[Your assignment] Among the entries below, retype exactly the lines starting with the one with "main property photo 19" and going on through the one with "Java Interior 2001", but not the pictures.

[Data extract]
===
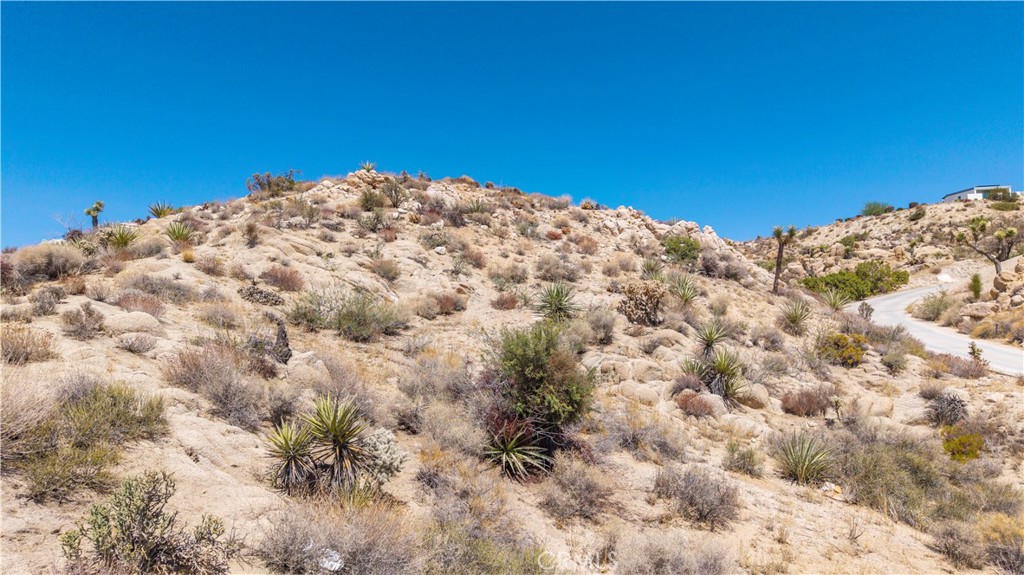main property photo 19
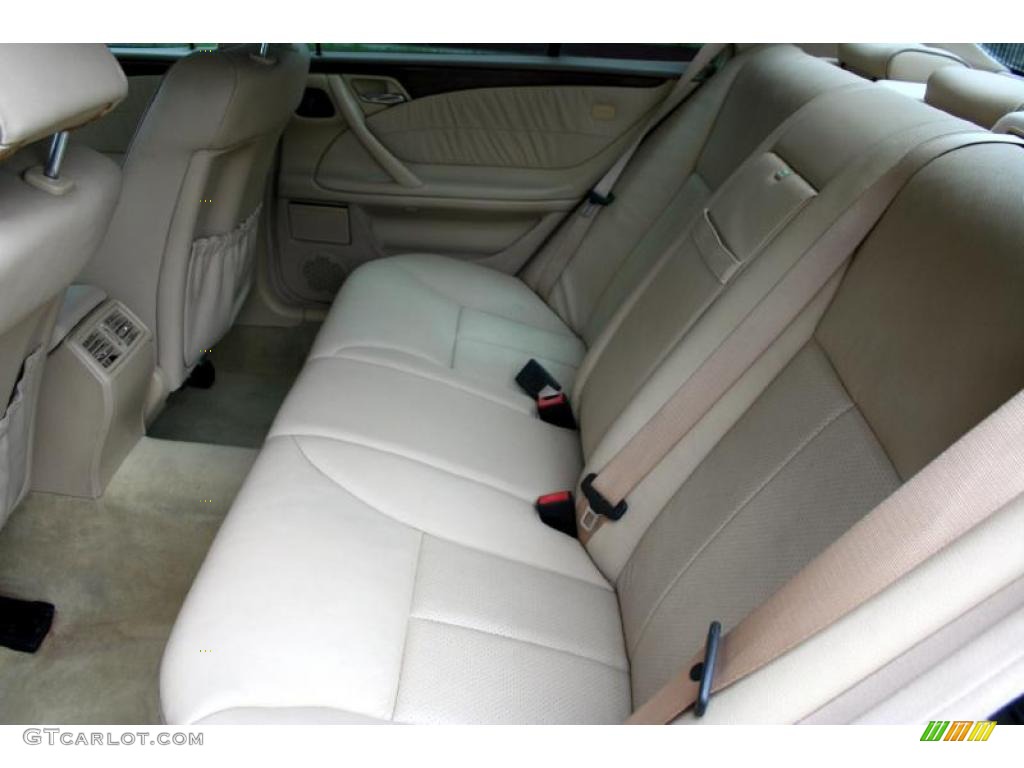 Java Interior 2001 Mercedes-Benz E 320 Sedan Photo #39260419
===
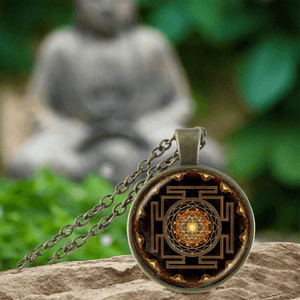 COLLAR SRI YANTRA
===
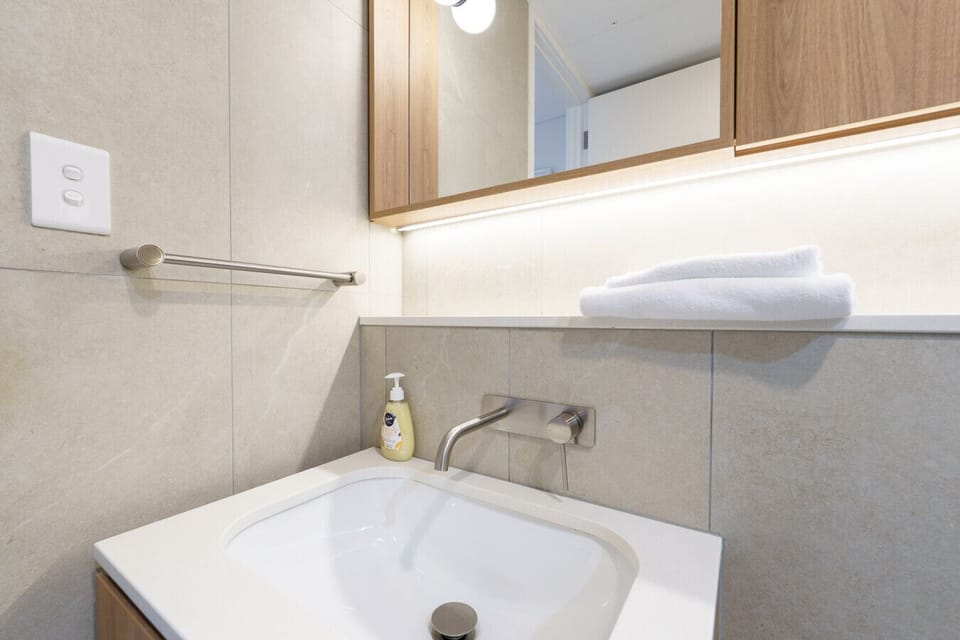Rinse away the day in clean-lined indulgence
===
[Result]
main property photo 19
 Java Interior 2001 Mercedes-Benz E 320 Sedan Photo #39260419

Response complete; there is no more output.